**Your assignment**. Copy the entries exactly. Leave out any pictures.

**Extracted material**.
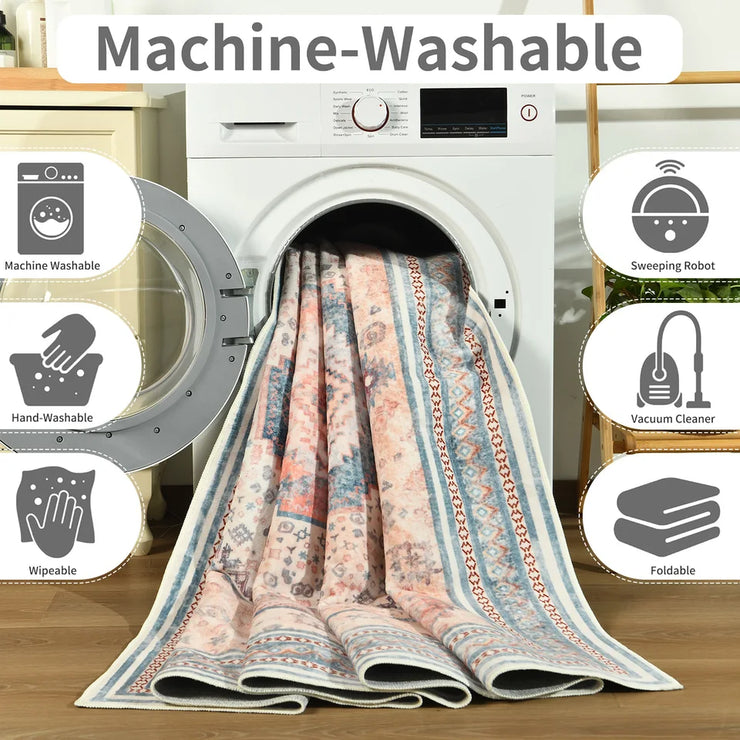 Noahas Washable Non Slip Vintage Floral Area Rug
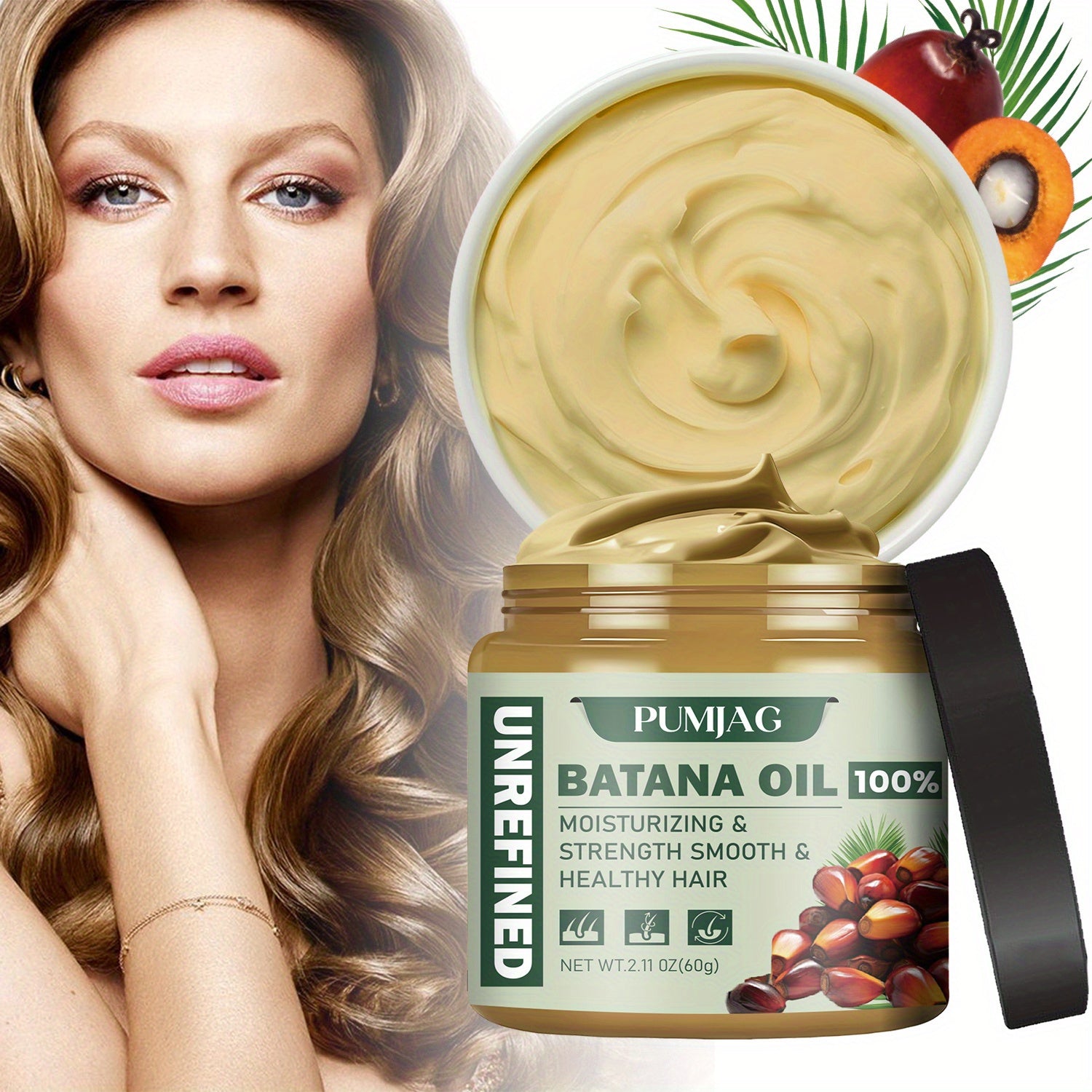 Batana Miracle Hair Oil - 100% Pure, Strengthens & Thickens Hair, Moisturizes Root to Tip, Repairs Damage, Leaves Smooth,, 2.11oz (60g)
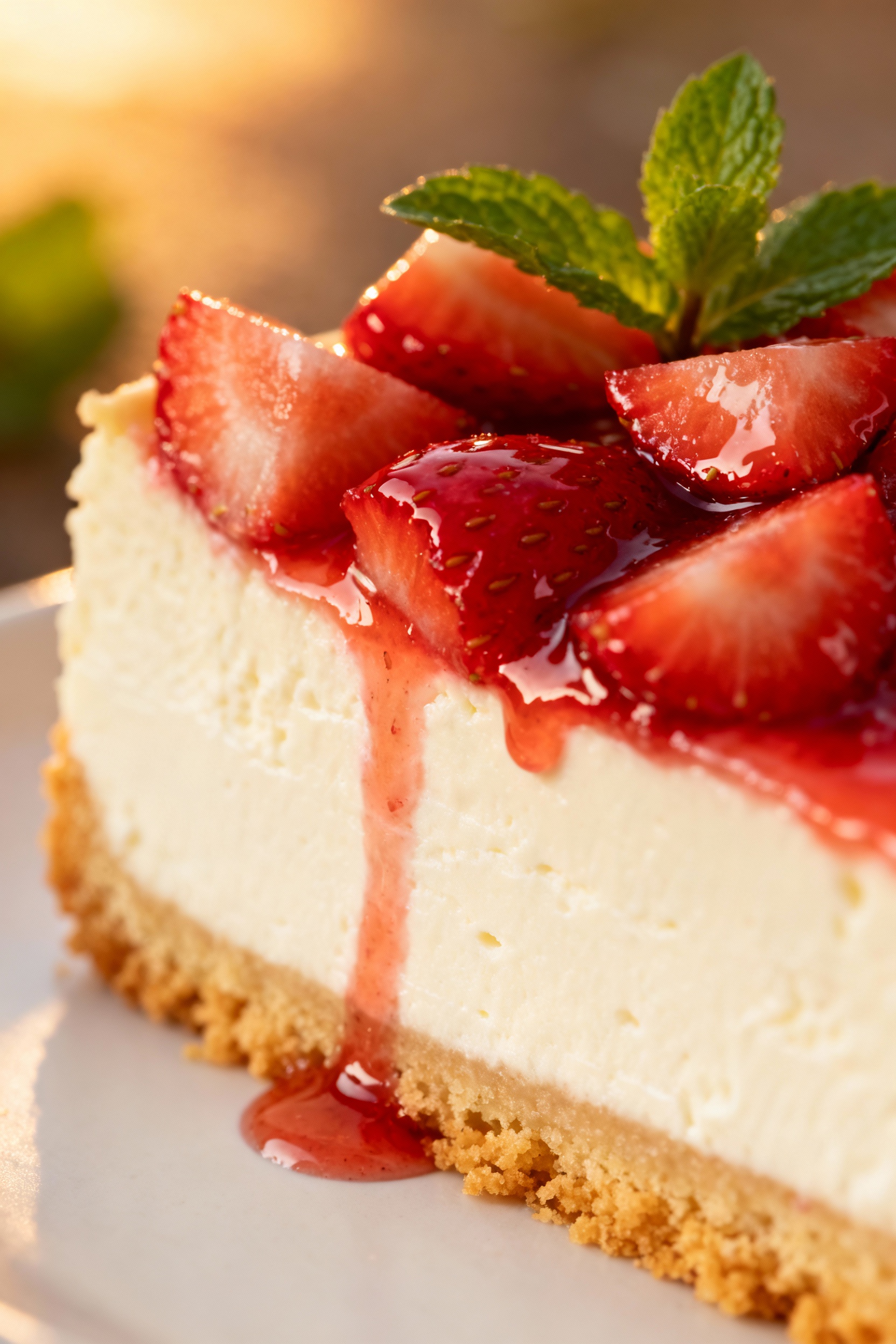 Classic Strawberry Shortcake Cheesecake - Serving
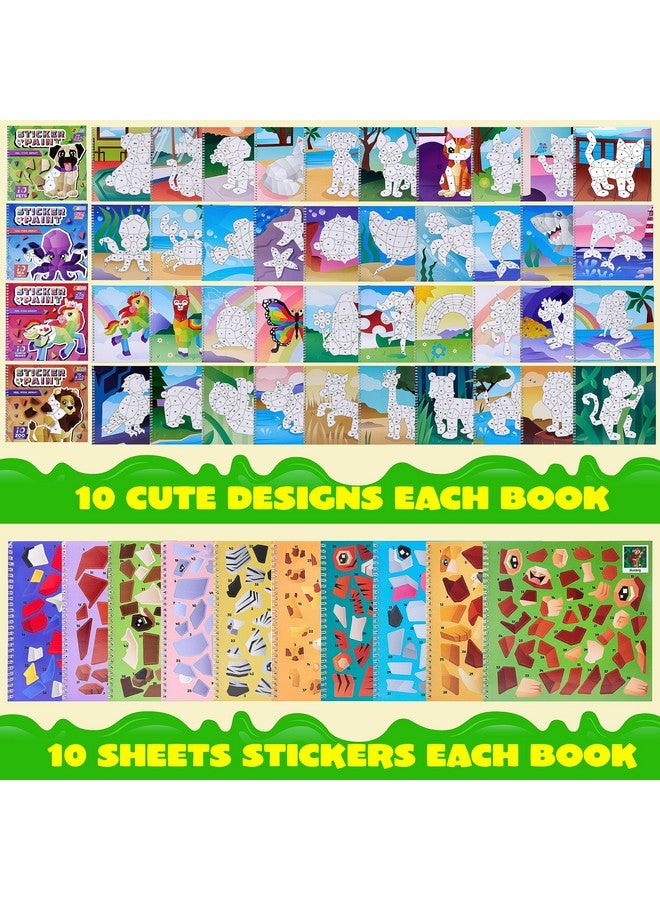 JOYIN 4-Pack Crafts for Kids Sticker Painting Book Gift Party Favor Creations 40 Pictures - Mess-Free Art Play for Kids' Creative Adventures at Home and While Traveling - Image 2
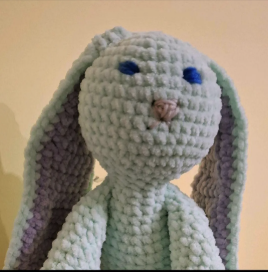 Hand-Crocheted Floppy Bunny Plush in Soft Chenille, Baby Safe UKCA Tested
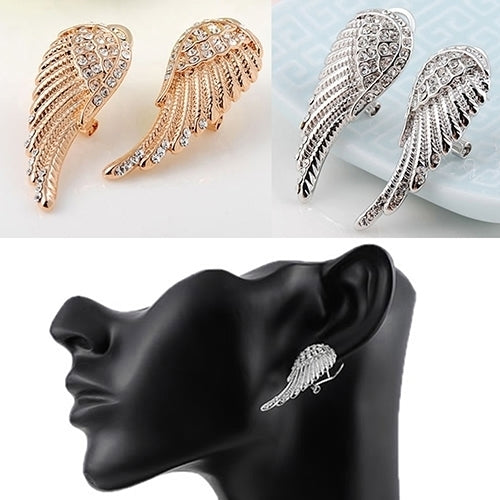 Womens 9K Gold Plated Angel Wings Crystal Ear Studs Luxury Earrings Jewelry Image 4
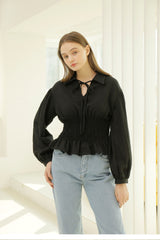 Smocked Waist Linen Blouse With Tie Front and Puff Sleeves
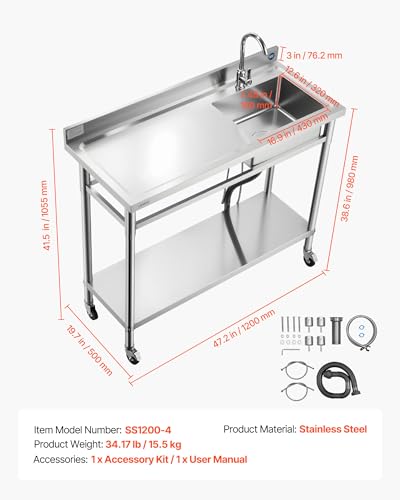 VEVOR Stainless Steel Utility Sink, Rolling Single Bowl Commercial Kitchen Sink with Wheels,Faucet and Hot & Cold Water Pipe,Utility Basin Workbench for Garage Restaurant Laundry 47.2 x 19.7 x 41.5 in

**Worked solution**.
 Noahas Washable Non Slip Vintage Floral Area Rug
 Batana Miracle Hair Oil - 100% Pure, Strengthens & Thickens Hair, Moisturizes Root to Tip, Repairs Damage, Leaves Smooth,, 2.11oz (60g)
 Classic Strawberry Shortcake Cheesecake - Serving
 JOYIN 4-Pack Crafts for Kids Sticker Painting Book Gift Party Favor Creations 40 Pictures - Mess-Free Art Play for Kids' Creative Adventures at Home and While Traveling - Image 2
 Hand-Crocheted Floppy Bunny Plush in Soft Chenille, Baby Safe UKCA Tested
 Womens 9K Gold Plated Angel Wings Crystal Ear Studs Luxury Earrings Jewelry Image 4
 Smocked Waist Linen Blouse With Tie Front and Puff Sleeves
 VEVOR Stainless Steel Utility Sink, Rolling Single Bowl Commercial Kitchen Sink with Wheels,Faucet and Hot & Cold Water Pipe,Utility Basin Workbench for Garage Restaurant Laundry 47.2 x 19.7 x 41.5 in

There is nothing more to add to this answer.